Resettlement Agencies Face Budget Struggles
The Trump administration put even more stress on the resettlement agencies, when it drastically cut the United States’ annual intake of refugees allowed in the country. It cut the yearly allowance from 85,000 during the last year of the Obama administration to 18,000 last year.
The pandemic has made things even worse. The Biden administration raised the total number of refugees allowed in the current federal fiscal year (which ends at the end of September) to 62,500. But experts expect that fewer than 10,000 will be admitted by the time the fiscal year is over.
That means the same resettlement agencies that will help relocate people from Afghanistan have gone through years of budget cuts. They have laid off hard-to-replace staff, who know the ins-and-outs of refugee programs and often are native speakers of languages that refugees speak.

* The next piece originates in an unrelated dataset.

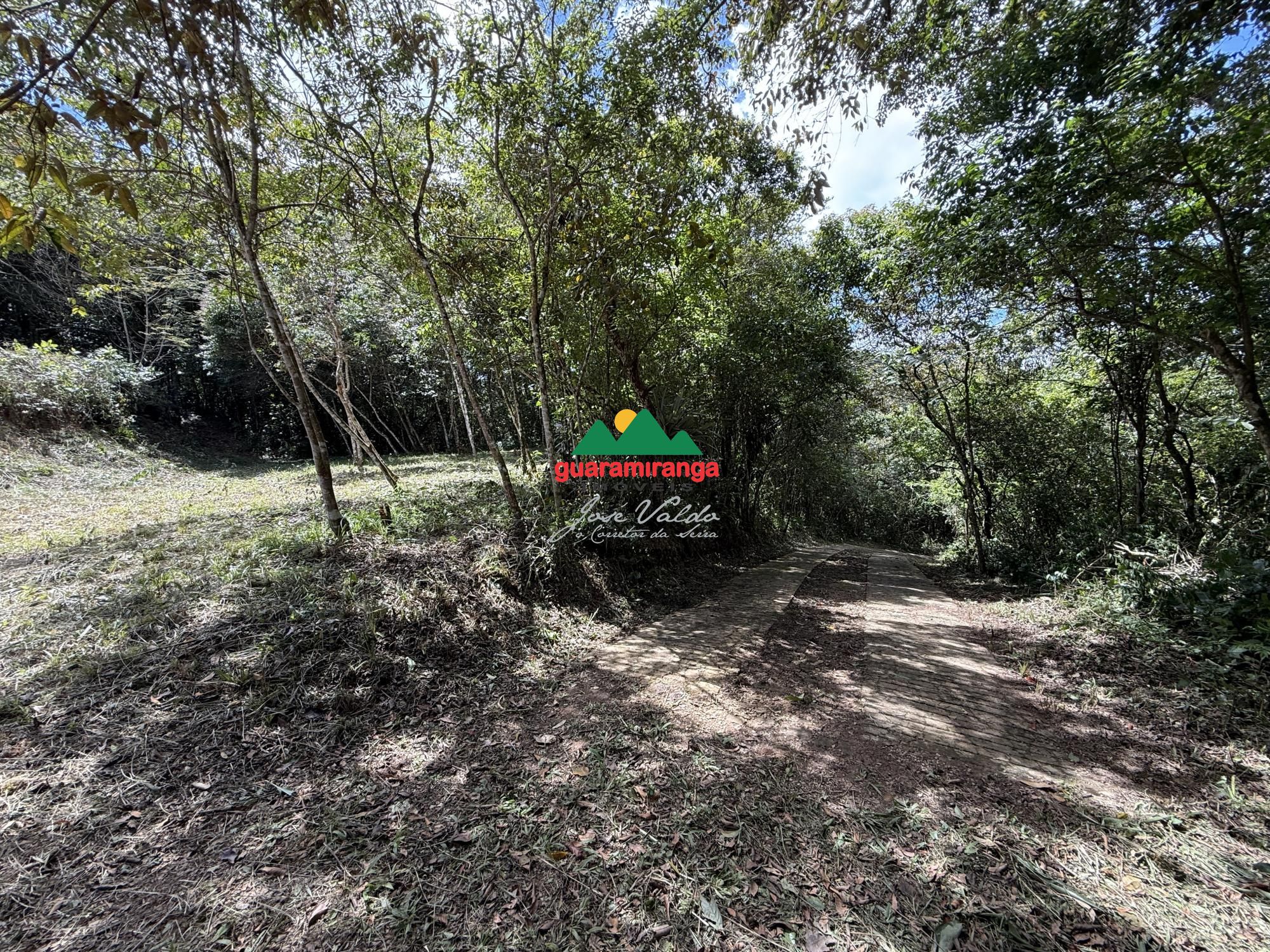 Terreno, 2 hectares - Foto 7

World Relief, a nationwide resettlement agency, for example, has closed seven of its offices and stopped offering resettlement programs in other locations, said Matt Soerenson, the U.S. director of church mobilization and advocacy for World Relief. The organization still has about 16 offices open around the country, including three in the Chicago area and one in Moline.
Staffing up won’t be easy, he said. “It’s not just a switch that you can flip on,” he said.
Soerenson is hopeful that Congress will agree soon to help resettlement agencies with the cost of moving Afghan evacuees into new homes in the United States. The idea has bipartisan support in Congress, although it’s not clear how or when those changes could be taken up.
In the meantime, the general public has offered its support for those efforts, by giving money, donating furniture and volunteering, he said.
“We had 12 times more first-time donors in the month of August 2021, than in the previous in August 2020,” Soerenson noted. “That said, it might not be enough.”